Networks expand by invitation. I received several independent invitations to LinkedIn before I decided it was worth joining (since that gave me a ready-made network on LinkedIn). I have started to receive invitations for other networks, but I haven't accepted them yet. This is an example of the Change Agent Cascade pattern.

While these networks may be useful, there are several problems with them.

1. Commitment. If I join a network, I need to make it work for me. This means loading some contacts, carving a profile, responding to contacts. This is a cost, which I incur in the hope of some professional, social or other benefit. If I am not willing to make any effort, I might as well not bother.

2. Ambiguity as to the purpose of the network. Some networks have a rhetoric of mutual support, endorsement and referral. But it is hard to see how this purpose can be fulfilled when people load hundreds of undifferentiated contacts into the network. (I have received multiple invitations from people I hardly know, who appear unable to remove obvious duplications.)

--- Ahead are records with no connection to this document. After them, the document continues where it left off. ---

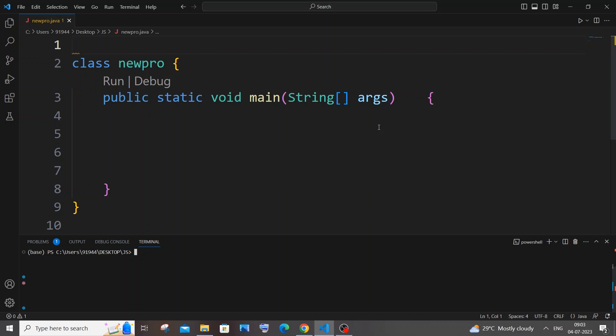Hi everyone. In this video I will be showing you how to check if a string is a palindrome or not in Java. So let's get started. First let me show you the workflow of what we are going to do.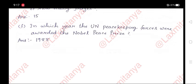F. In which year were the UN peacekeeping forces awarded the Nobel Peace Prize? Answer: 1988.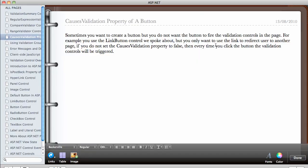In this video, we're going to be looking at the CausesValidation property of a control, especially the button control.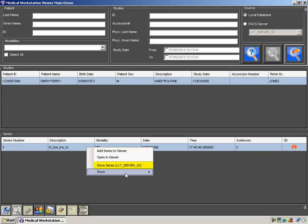You can store using the default storage server, or you can select a remote PACS from this list of servers. Select the L17 server 32 PACS.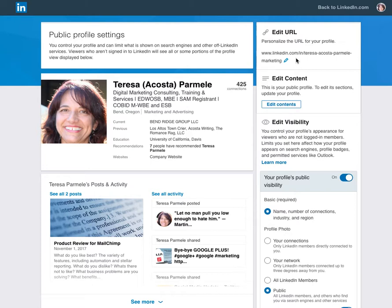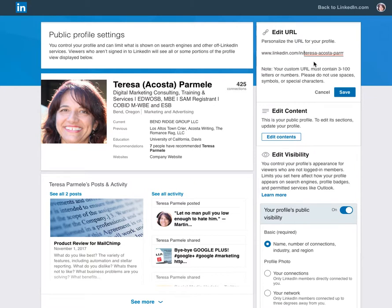Having your skill in the URL is also searchable, so it will actually help you. To make changes, click the pencil icon, follow the guidelines, click Save, and you're done. You can change your URL up to five times within six months.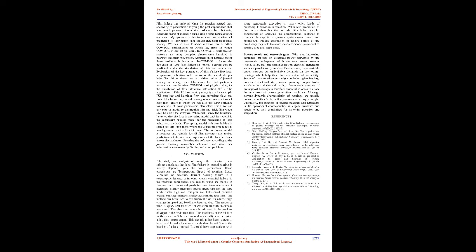Conclusion: From the study and analysis of many literatures, my subject concludes that lube film failure in journal bearing mostly depends upon four parameters. These parameters are temperature, speed of rotation, load, and vibration of machine.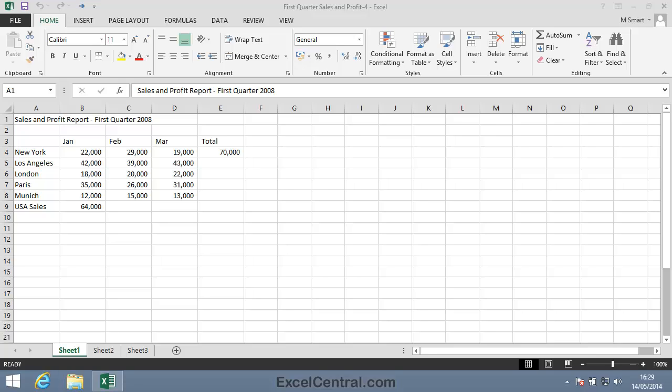For this lesson, you need to open the sample file First Quarter Sales and Profit 4 from your Sample Files folder. In this lesson, you'll select Contiguous and Non-Contiguous Cell Ranges.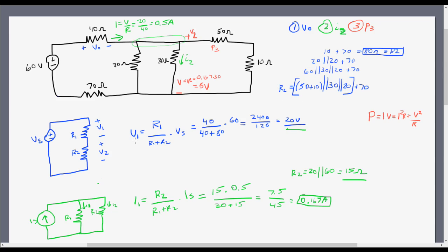Using the voltage divider to solve for V3 — the voltage across the 50 ohm resistor — V3 equals R1 over R1 plus R2, times the source voltage. That's 50 over 50 plus 10, times 5 volts, which equals 250 over 60, giving 4.167 volts.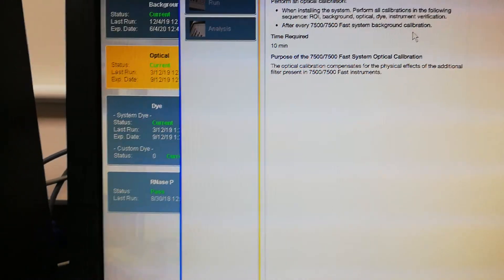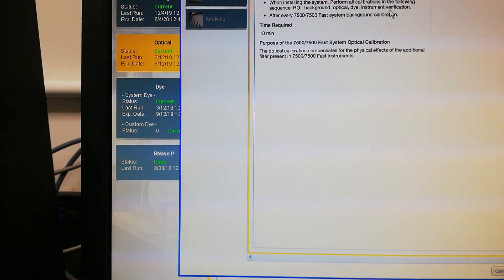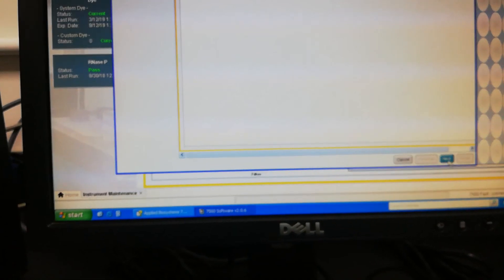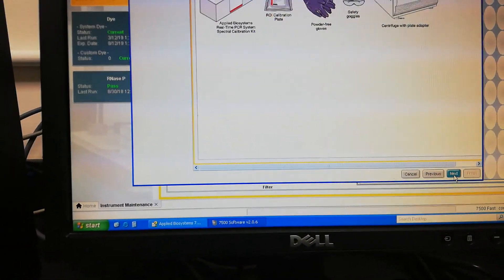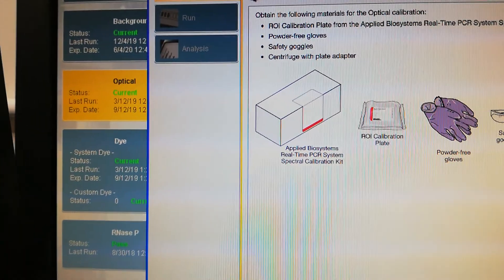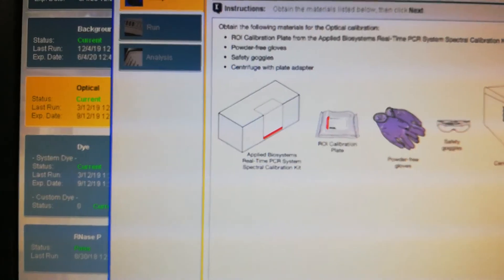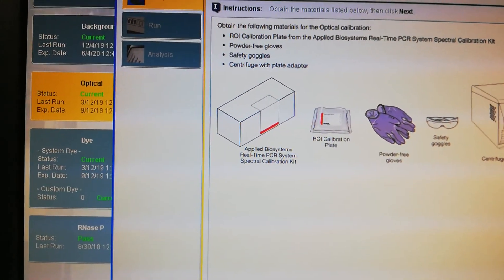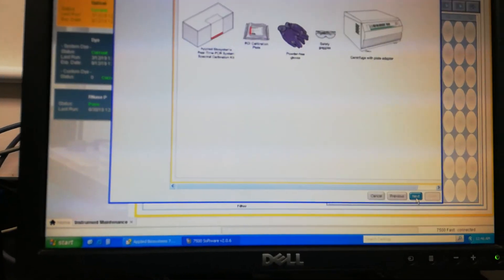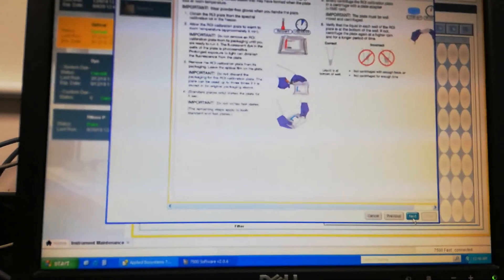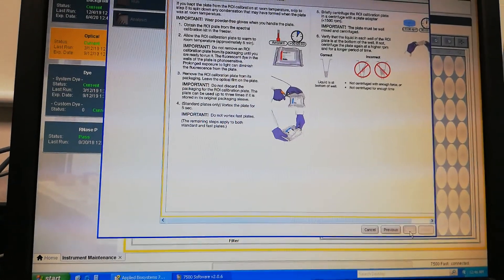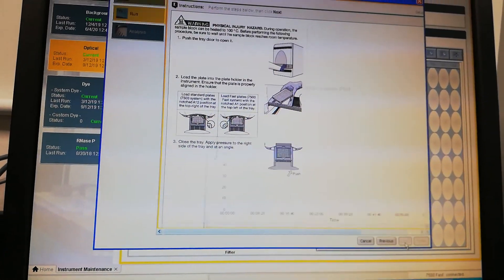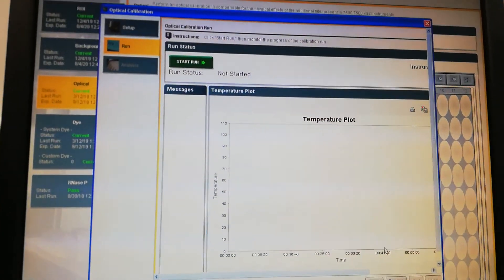I am calling ROI background optical dye instrument verification. Select next. Again, I am trying to use the ROI calibration plate here. Next, next, next, and then next. From here we just start that up.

3. Network inflation. Quantity pushes out quality. If someone has a thousand contacts, I presume he doesn't know many of them very well, probably hasn't even met half of them.

4. Duplication between networks. If I join multiple networks, I then need to replicate my contacts on each network. (I have had invitations from the same person to join his network on multiple networking platforms - I cannot see that this makes sense to either of us.) There seems to be no mechanism for federation between networks.

5, More radically, people are turning their back on networking - or at least being much more selective. Kirsten talks about Invitation Block. Seth Godin dismisses "It's not what you know it's who you know" as myth number ten. (For the purpose of these myths, see post on Protective Lies.)